Saturday, January 8, 2011

Chapter 2: Curriculum Alternative Approaches, Ongoing Issues





My notes from Chapter 2: Curriculum History

2.1 Introduction
Curriculum taught in a given classroom, school, community, state, or nation is never fixed in any final sense.  Any curriculum planned or enacted should be viewed as the end point of a series of human decisions, and as such it is a subject to constant review and revision.

2.1 Three Focal Points for Curriculum History
1. The Nature of the Subject Matter
Subject matter is the content of the curriculum, and choices about what subject matter to include within the curriculum are also choices about what to leave out.

2. The Nature of the Society
If the curriculum is to have utilitarian value, then it must lead the student not only to knowledge of the external world for its own sake, but also to knowledge than can be applied in the world.  To determine usefulness, the society in which the students exists must be taken into account.  And how society should be in the future.

3. The Nature of the Individual
Though all persons in some ways are like all others, everyone is also unique.  The same curriculum cannot be equally appropriate for all individuals.

2.3 The Colonial Era and the Early United States
Settelers has two common assumptions: only a few people needed much formal education and formal education should be directed at bringing people into conformity with some prevailing ideal of what an education person should be.

The Harvard Curriculum: See figure in book, provides a good indication of what elementary and secondary education in colonial America was meant to lead up to.

Franklin's Academy: Proposed the creation of an academy that would emphasize training in practical subjects.  Classics would still be taught, but not required for everyone.  Franklin's academy would include PE, drawing, mechanical arts, math, history, geography, civics, horticulture, science, religion, and others.

The 19th Century
Formal education in the US was directed toward the training of the mind and was still limited to the small proportion of the population for whom such training was deemed suitable.  The curriculum was a relative few, well-ordered academic subjects were repositories of the highest knowledge and led to godliness, virtue, and understanding.

Political democracy changed through out the century.

Sociological changes caused curriculum of many schools to become increasingly oriented toward practical subjects and social utility.

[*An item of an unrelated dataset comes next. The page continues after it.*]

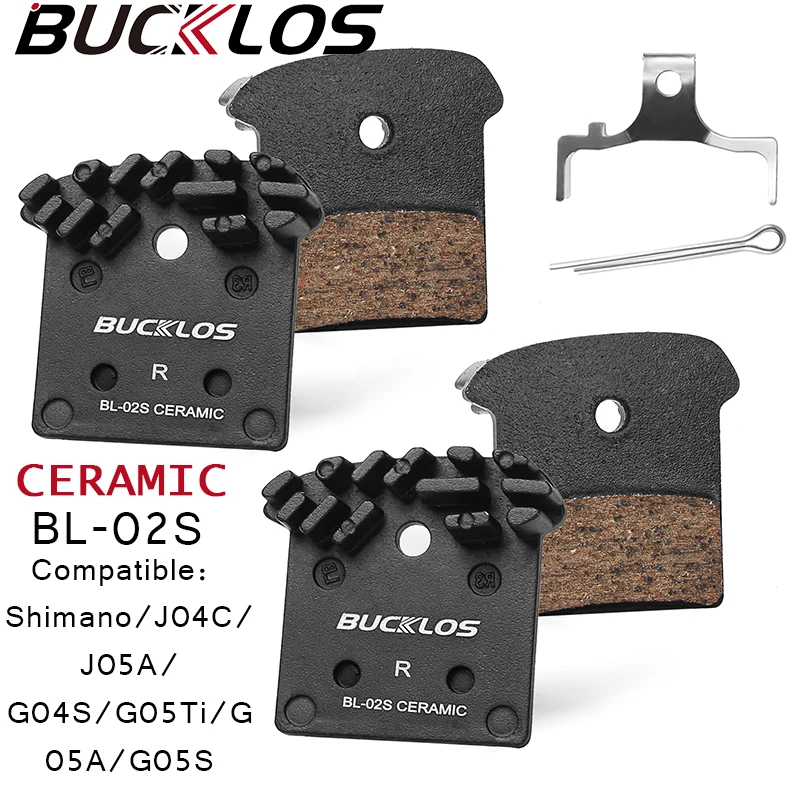 

BUCKLOS Bike Hydraulic Brake Pads Ceramic Bicycle Disc Brake Pad Road MTB Brakes Pads Fit Shimano Sram Avid J04C J05A G04S G05A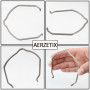 AERZETIX - C69969 - Bride de fixation collier serrage gaine suralimentation air - compatible avec A0079934301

The Common School Movement and the Expansion of the Curriculum
Academies opened for a number of americans, particuallry the middle class,  and reflected a growing belief that America should provide opportunities for a naturla aristocracy of virtue and talent to flourish.  Built on and extended the growing popular demand for universal elementary schooling.

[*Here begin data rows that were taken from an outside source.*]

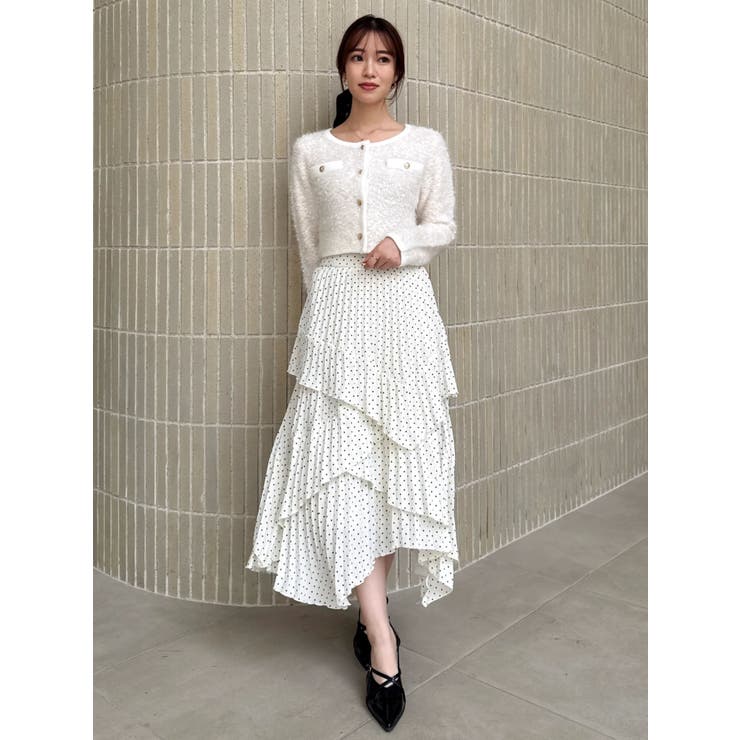 【セット対応】ヘアリーニットジャケット | dazzlin | 詳細画像13 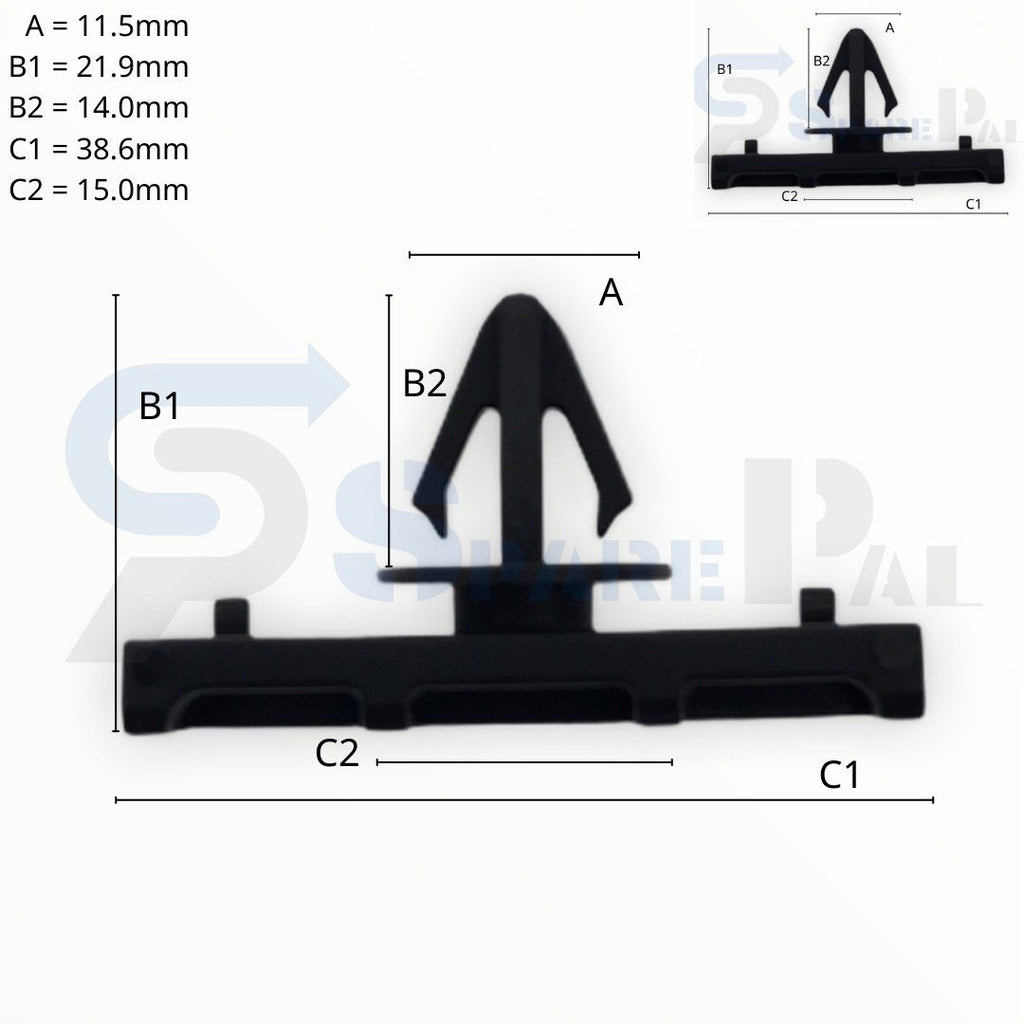 SPAREPAL FASTENER CLIP 護板扣 SPL-11047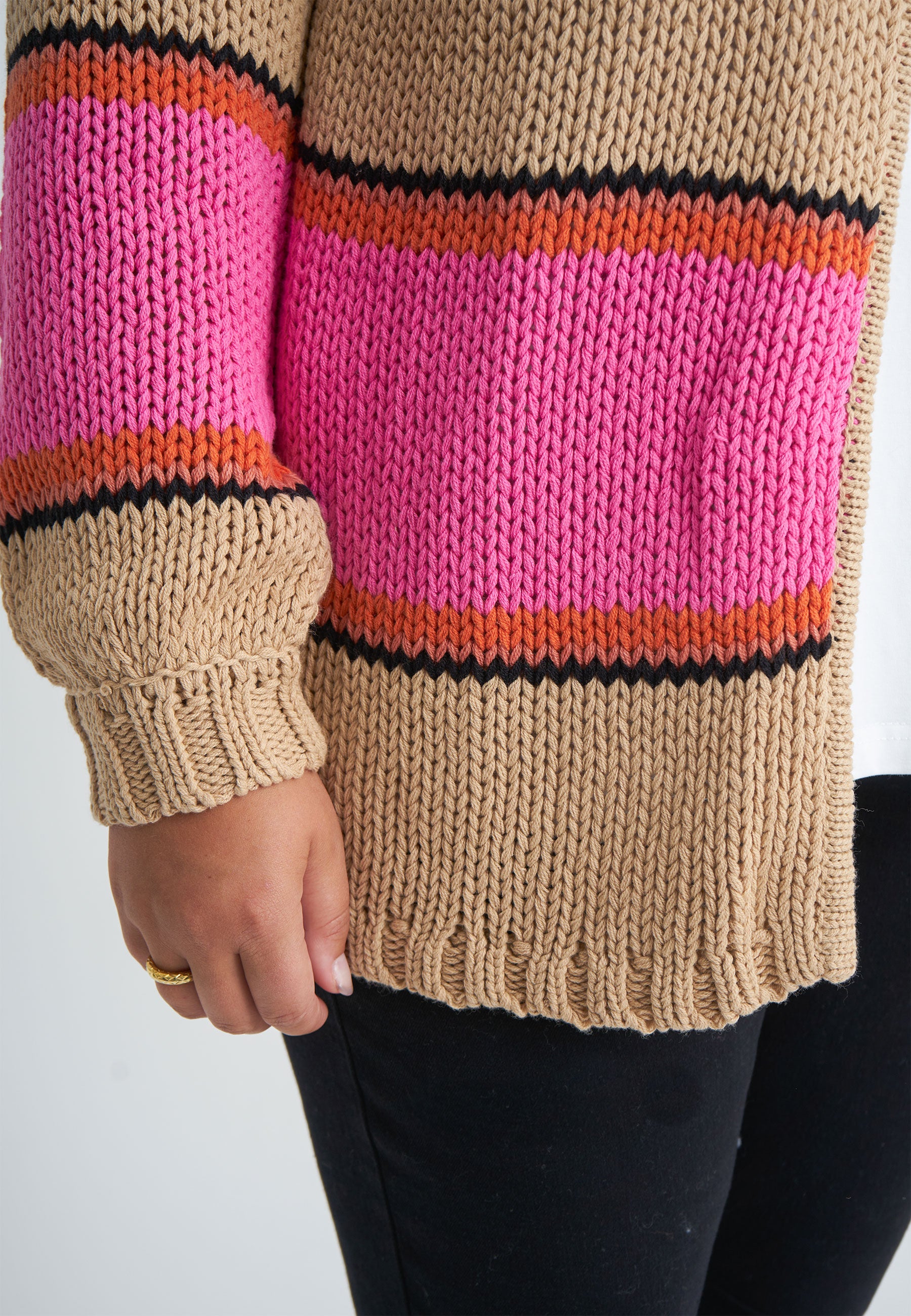 Adia ADLitzy Knit Cardigan 3537 Ibis Rose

Early in the century, educational leaders began to become aware of the incongruity of pushing for the development of a system of free adn universal elementary education to be followed by secondary eduction provided privately.

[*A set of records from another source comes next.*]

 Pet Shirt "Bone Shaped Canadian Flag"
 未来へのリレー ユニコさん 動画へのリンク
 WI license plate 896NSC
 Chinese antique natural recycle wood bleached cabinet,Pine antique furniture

The common school movement was an effort to democratize American education by making the smae kind of schooling available to all.

By the middle of the century, local public schools were teaching not only the usual staples of Latin, Greek, reading, grammar, writing, arithmetic, but also French logic, citizenship, and much more.

Morrill Act in 1862 the idea of a society-centered curriculum of practical subjects was formally extended to higher education.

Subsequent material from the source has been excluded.